I am having a very difficult time understanding this. I have always learned that regression models do not make assumptions about the distribution of the covariates, or even of the regression parameters, yet it seems that these methods for sample size calculations under logistic regression and Poisson regression (both of these papers I linked to are fairly well cited) are explicitly making such assumptions.

Can anybody shed any light on this subject?

1) Do we ever need to make assumptions about the distribution of covariates in a regression model? Am I simply incorrect in believing we never need to make these assumptions, especially if we are assuming we have a correctly specified regression model?

2) If we DON'T need to make these assumptions, then what is the utility of doing so for the purposes of these sample size calculations? I will note further that using the formulas in these papers produces some RADICALLY different sample size estimates for the same effect sizes, based only on changing the assumed distribution of the covariates. I don't see how estimates using this method can be valid if we answer "NO" to question 1.

Best Answer

You do not need to make assumptions about the distribution of the predictors $X$ in order to estimate the regression model or to make inference, but the variance of the obtained estimators will depend on aspects of the distribution of $X$, in particular, its spread as for example measured by its variance. This should be quite clear in the case of simple linear regression:

two linear regression models with different spread of x's

This shows a situation with simple linear regression, the same model ($y=1+x+\text{error}$), but in the left panel observation planned with a well-spread-out $x$, in the right panel the same number of observations planned, but with a more concentrated distribution of the $x$'s.
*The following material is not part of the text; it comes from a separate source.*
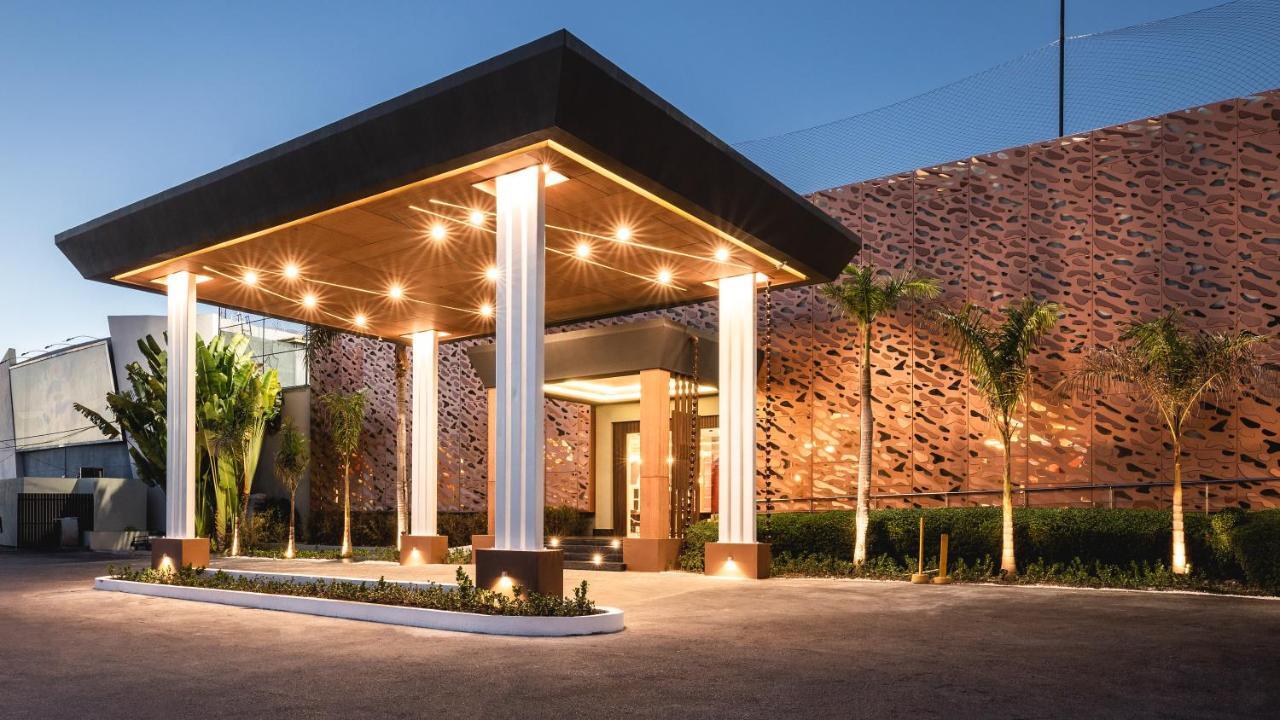 Be Live Collection Punta Cana Adults Only Eksteriør billede The entrance of the hotel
It is intuitively clear that the design of the left panel will give better information for estimation of the model, and the algebra of simple linear regression confirms that.

In the following we will show this for simple linear regression, but the argument and conclusion is equally valid for multiple linear regression. The simple linear regression model is $$ y_i = \alpha + \beta x_i + \epsilon_i $$ and the usual assumptions of homoskedasticity and independent error terms. Then the estimator $\hat{\beta}$ of the slope can be written $$ \hat{\beta} = r_{xy} \frac{s_y}{s_x} $$ with the usual definitions. Its variance can be written $$ \DeclareMathOperator{\V}{\mathbb{V}} \V \hat{\beta} = \frac{\frac1{n-2}\sum \hat{\epsilon}_i^2}{\sum (x_i-\bar{x})^2} $$ and it is obvious from that formula that increasing the variance of the $x$' s will decrease the variance of $\hat{\beta}$. There is some subtle nuances here, in the usual theory for (simple) linear regression, the $x$'s are simply known constants, they are not random variables. Therefor the name design matrix, the values of $x$ are not observed values of a random variable, they are designed, that is, chosen, by the statistician. That reflect the origin of this terminology in design of experiments. In the majority of applications, probably, this is not the case, we do observe $x$ as values of some random variable. But still, inference is done conditional on the observed values. So, in this sense, since $x$ is not modeled as a random variable, it does not have a distribution! So, in that sense, inference cannot depend on something that does not exist (in the model). But, as the variance formula above shows, the variance of estimator $\hat{\beta}$ depends on the empirical variance of $x$.

So, if you are able to influence data collection, it is better to plan for well spread out values of $x$.

All of the above (except the concrete formulas) will be valid for Poisson regression. I will not repeat the arguments in that case.